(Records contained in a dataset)

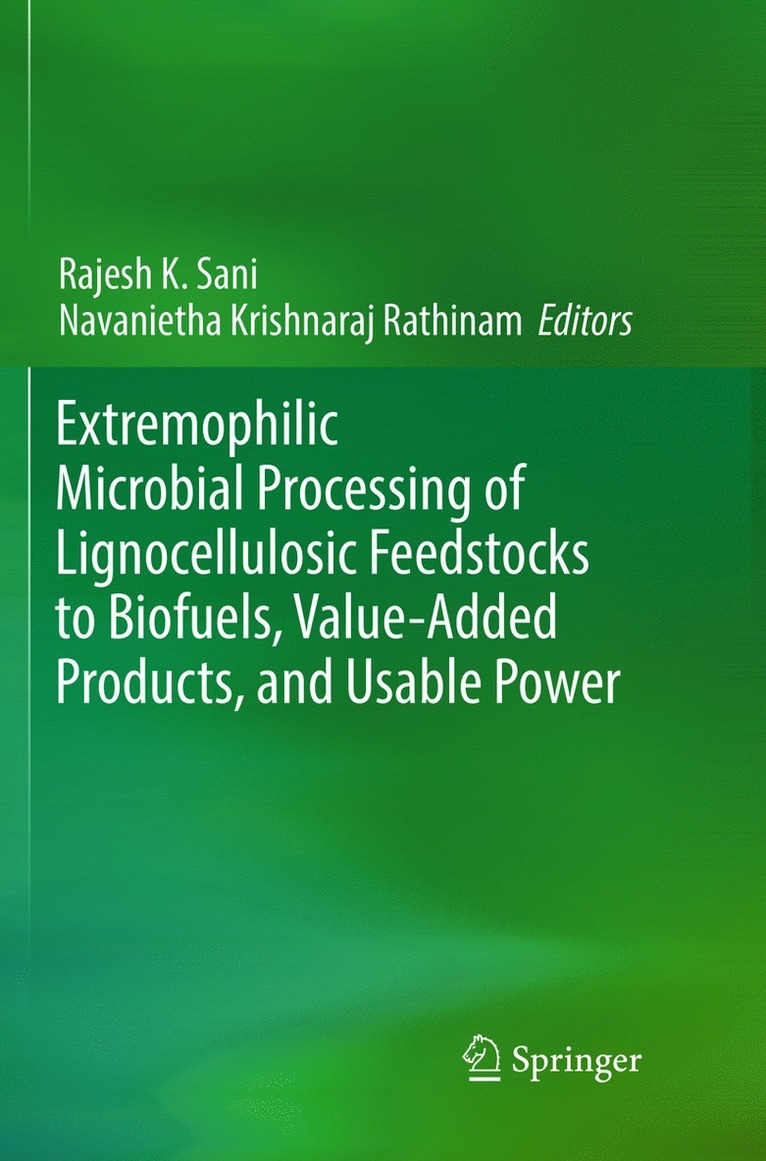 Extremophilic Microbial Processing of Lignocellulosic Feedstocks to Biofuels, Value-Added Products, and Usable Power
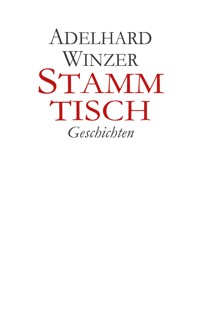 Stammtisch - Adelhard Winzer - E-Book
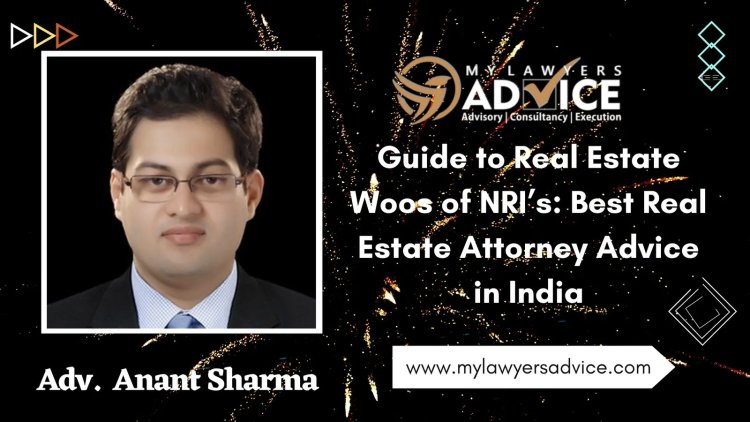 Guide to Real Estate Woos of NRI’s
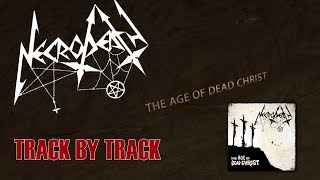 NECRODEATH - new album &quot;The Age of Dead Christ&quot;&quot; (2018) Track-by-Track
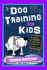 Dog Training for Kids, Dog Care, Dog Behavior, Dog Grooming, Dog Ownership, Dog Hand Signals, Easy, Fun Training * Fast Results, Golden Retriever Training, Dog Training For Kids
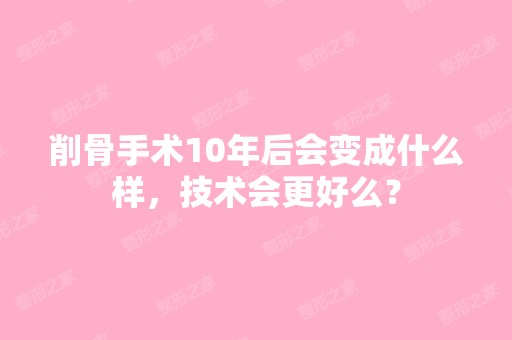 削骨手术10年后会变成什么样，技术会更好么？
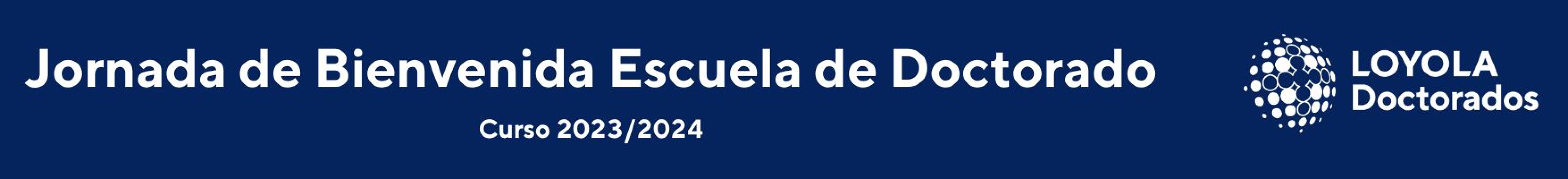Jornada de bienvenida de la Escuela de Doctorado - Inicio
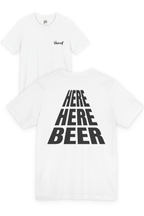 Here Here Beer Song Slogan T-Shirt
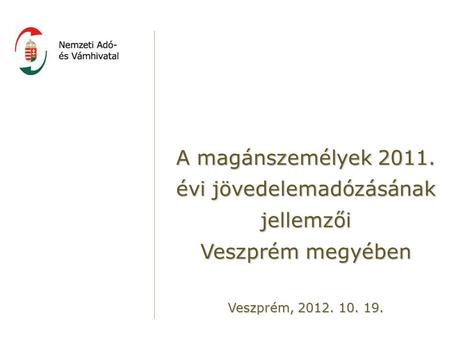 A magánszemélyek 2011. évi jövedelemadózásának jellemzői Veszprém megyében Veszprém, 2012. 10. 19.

__What to produce__
Starting at the line containing "Stammtisch - Adelhard Winzer - E-Book" and stopping at the line containing "NECRODEATH - new", output each line exactly as it appears above. Leave out the pictures.

__Response to the task__
 Stammtisch - Adelhard Winzer - E-Book
 Guide to Real Estate Woos of NRI’s
 NECRODEATH - new album &quot;The Age of Dead Christ&quot;&quot; (2018) Track-by-Track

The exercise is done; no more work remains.